APPEAL from the Circuit Court of Cook County; the Hon. NATHAN
M. COHEN, Judge, presiding.
MR. JUSTICE KLINGBIEL DELIVERED THE OPINION OF THE COURT:
This case involves the constitutional validity of two Chicago ordinances regulating the possession of firearms and requiring their registration. Three individuals and a sporting goods store brought suit in the circuit court of Cook County to enjoin the City and its officials from enforcing them. On motion of defendants the complaint was stricken and the cause dismissed. Plaintiffs appeal.
The ordinances became effective April 15, 1968, and appear as Chapters 11.1 and 11.2 of the Municipal Code of Chicago. Chapter 11.1 pertains to the registration of firearms. It requires detailed records to be kept when a firearm is sold or given away, including full identification of the firearm as well as the person to whom it is sold or given. A registration form must be completed and mailed to the office of the city collector within 48 hours. Persons who have acquired their firearms prior to the date of the ordinances are also required to register possession. The city collector is then to forward to the possessor or purchaser a registration certificate with full identifying information, which must be carried with the firearm and exhibited on request of any police officer. Certain classes of persons are declared ineligible to register, including minors under 18-years-of-age, narcotic addicts, felons, and mental defectives, and all such persons are forbidden to have firearms. Chapter 11.2, relating to the possession of guns, makes it unlawful for any person to carry a rifle, shotgun, or other firearm except in his home or place of business. The chapter is made inapplicable to peace officers and other authorized classes enumerated therein.
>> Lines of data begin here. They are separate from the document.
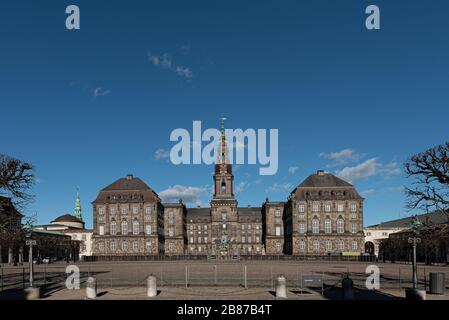 Schloss Christiansborg in Kopenhagen, Dänemark. Großartiges Gebäude der dänischen Royals unter blauem Himmel an einem sonnigen Tag Stockfoto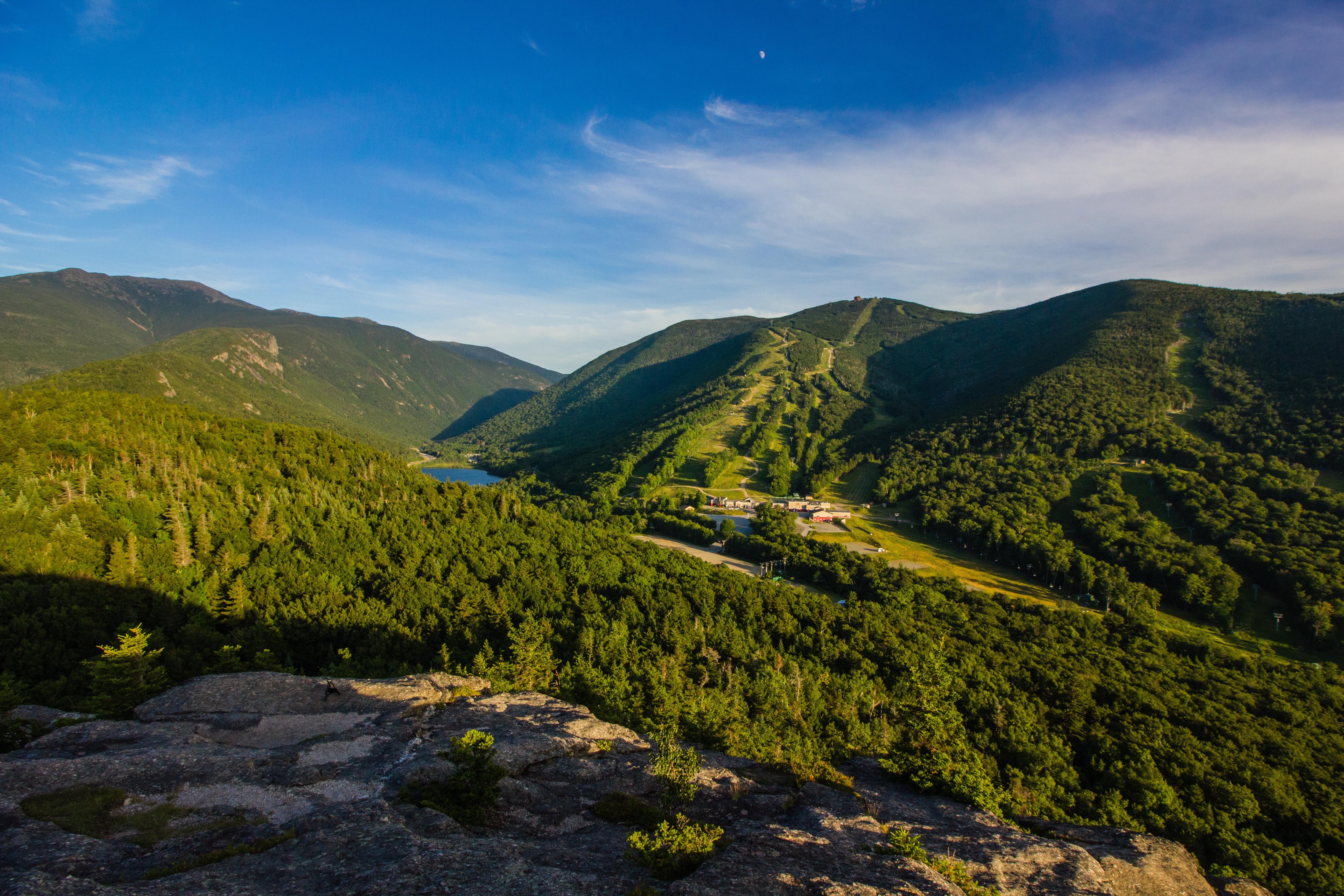 Artist Bluff Trail in Franconia Notch State Park in Franconia, New Hampshire Franconia Notch State Park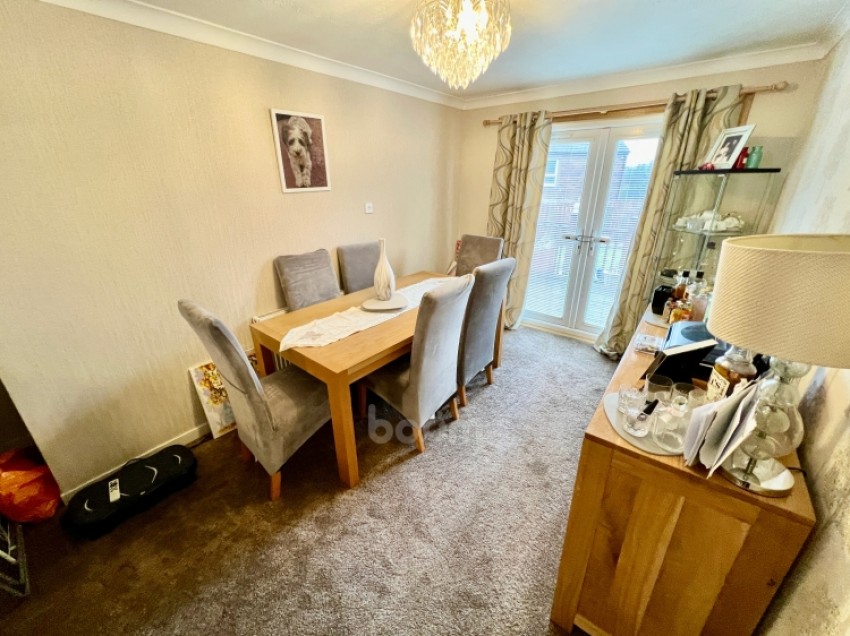 Images for 32 Gladstone Avenue, Johnstone, Renfrewshire, PA5 0RD, UK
To sustain their charge of invalidity plaintiffs employ a "shotgun" technique, alleging a dozen different grounds therefor in addition to claiming that the ordinances will not achieve their object of reducing crime. In substance the principal contentions are that the City lacks power to legislate with regard to gun control because the State has pre-empted the field, that the ordinances violate the provision of the Federal constitution concerning the right of the people to keep and bear arms, that they are vague, confusing and inconsistent with the statute on the subject, that they unlawfully delegate legislative power to the city collector and contravene the doctrine of separation of powers, and that they constitute an unreasonable exercise of police power.
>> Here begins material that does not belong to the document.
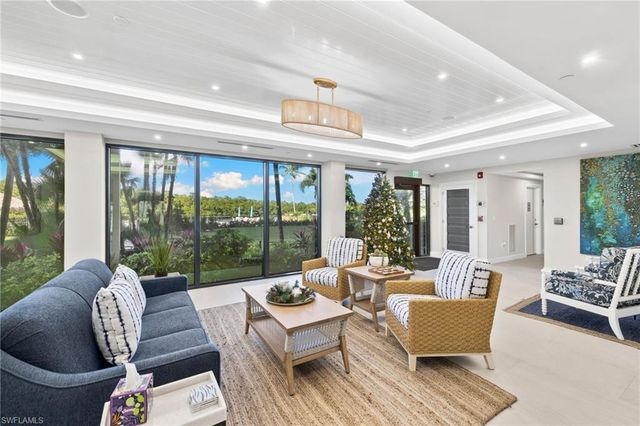 11 Bluebill AVE # 702, Naples, FL 34108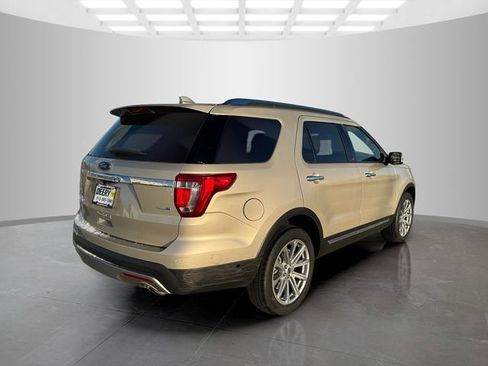 Used 2017 Ford Explorer Limited w/ Equipment Group 301A image 8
With regard to the first contention it is suggested that whatever power the City had to regulate firearms has been repealed by implication by an act effective July 1, 1968. (Ill. Rev. Stat. 1967, ch. 38, par. 83-1 et seq.) The argument is without merit. The statute does not require the registration of weapons, as does the Chicago registration ordinance. Rather it deals with registration of the individual owner of firearms. Its declared purpose merely is "to provide a system of identifying persons who are not qualified to acquire or possess firearms and firearm ammunition * * *." (Ill. Rev. Stat. 1967, ch. 38, par. 83-1.) Unlike the registration certificate for which the ordinance provides, the identification cards required by the Act do not even refer to or identify particular weapons. There is no inconsistency or repugnancy between the two, and the legislature has not pre-empted the field of gun control. As this court said in Kizer v. City of Mattoon, 332 Ill. 545, 549: "While municipal ordinances must be in harmony with the general laws of the State and in case of a conflict the ordinance must give way, the mere fact that the State has legislated upon a subject does not necessarily deprive a city of power to deal with the subject by ordinance. Police regulations enacted by a city under a general grant of power may differ from those of the State upon the same subject, provided they are not inconsistent therewith." See, also Chicago Cosmetic Co. v. City of Chicago, 374 Ill. 384.
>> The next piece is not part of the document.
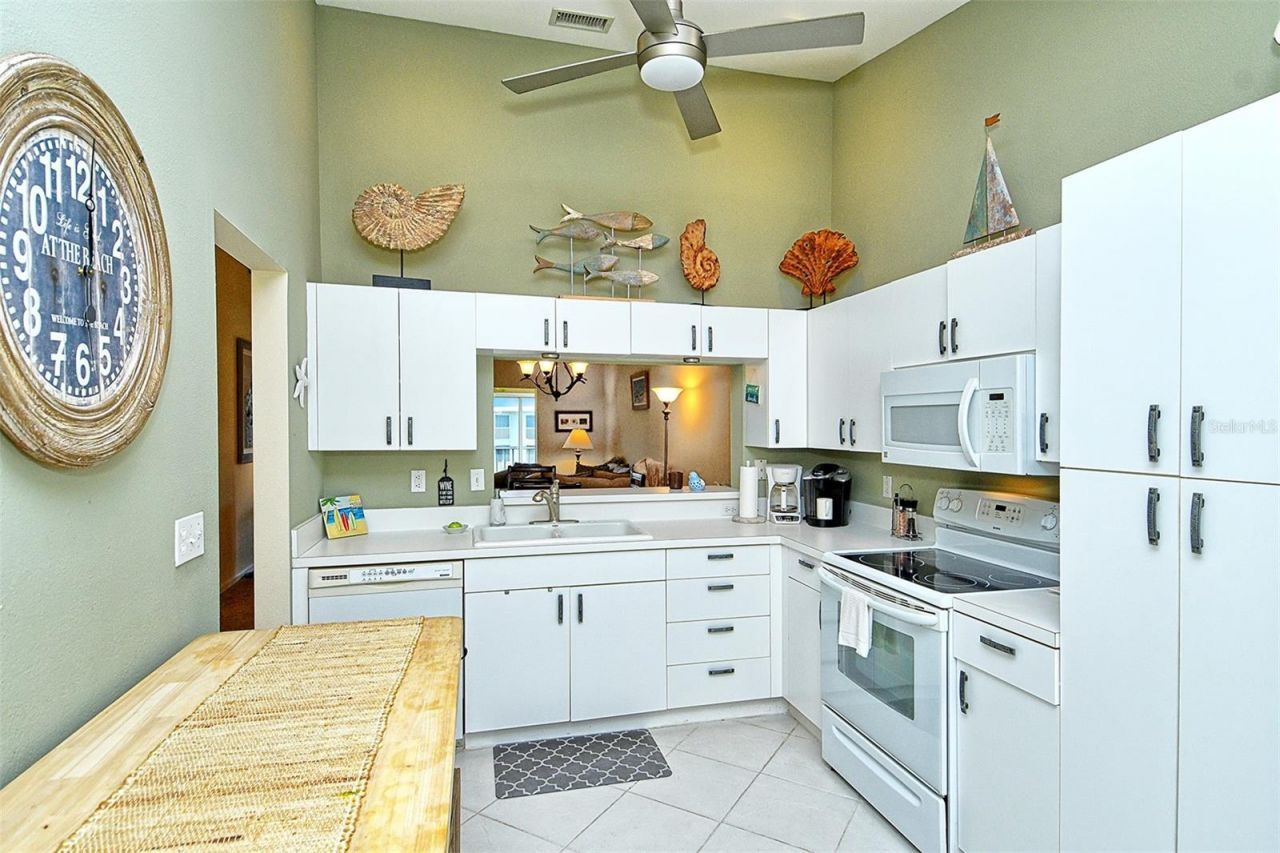 9610 Club South Circle, Unit 4302, Sarasota, FL 34238 Photo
Also invoked is the second amendment to the United States constitution, which says that "a well regulated Militia, being necessary to the security of a free State, the right of the people to keep and bear Arms, shall not be infringed." Contentions that this right precludes firearm regulation and control have been answered both in this State (Biffer v. City of Chicago, 278 Ill. 562) and, more recently, elsewhere. (Burton v. Sills, 53 N.J. 86, 248 A.2d 521.) They need not be dealt with again here. As the opinion in the Burton case points out, regulation which does not impair the maintenance of the State's active, organized militia is not in violation of either the terms or the purposes of the second amendment.
Plaintiffs argue that the definition of "firearms" in the ordinances is broader than the one in the statute, and that even though a person obeys all the requirements of the latter he will not necessarily be protected thereby from prosecution for violating the ordinances. This does not constitute a valid objection. As we have indicated, the statute and the ordinances have differing objectives. Nor is there merit in objections that the definition includes parts of a weapon, that the ordinances are vague and indefinite, that they duplicate other ordinances, that they are inconsistent with statutes on the subject, that during the 30-day period which the city collector is given to forward the registration certificate the owner may be penalized for not having one, and that in other enumerated respects the plaintiffs' constitutional rights are violated. We find no merit at all in these multiple criticisms, and no useful purpose would be served by discussing them in detail.
Included in the registration ordinance's definition of firearms which must be registered is a "firearm silencer". By statute it is made a crime to possess such a device. (Ill. Rev. Stat. 1967, ch. 38, par. 24-1(a)(6).) The circuit court held that the part of the ordinance relating to silencers is unconstitutional, on the ground that it violates the privilege against self-incrimination, but that the remainder of the ordinance is not thereby invalidated. Plaintiffs here urge the court erred in not declaring that the entire ordinance was therefore void. We cannot accept the argument. The portion relating to firearm mufflers or silencers is clearly severable from the other provisions, and it can hardly be said that the latter would not have been passed if silencers had not been included.
The fact that a part is unconstitutional does not require that the remainder be held void unless all the provisions are so connected as to depend upon each other. If what remains after the invalid portion is stricken is complete in itself and capable of being executed wholly independently of that which is rejected, the invalid portion does not render void the entire ordinance unless it can be said that the city council would not have passed it with the invalid portion eliminated. (People ex rel. Engle v. Kerner, 32 Ill.2d 212; People ex rel. Adamowski v. Wilson, 20 Ill.2d 568; McDougall v. Lueder, 389 Ill. 141.) That the remaining provisions in the case at bar are complete in themselves and would have been passed even with the silencer portion eliminated is too clear for further discussion.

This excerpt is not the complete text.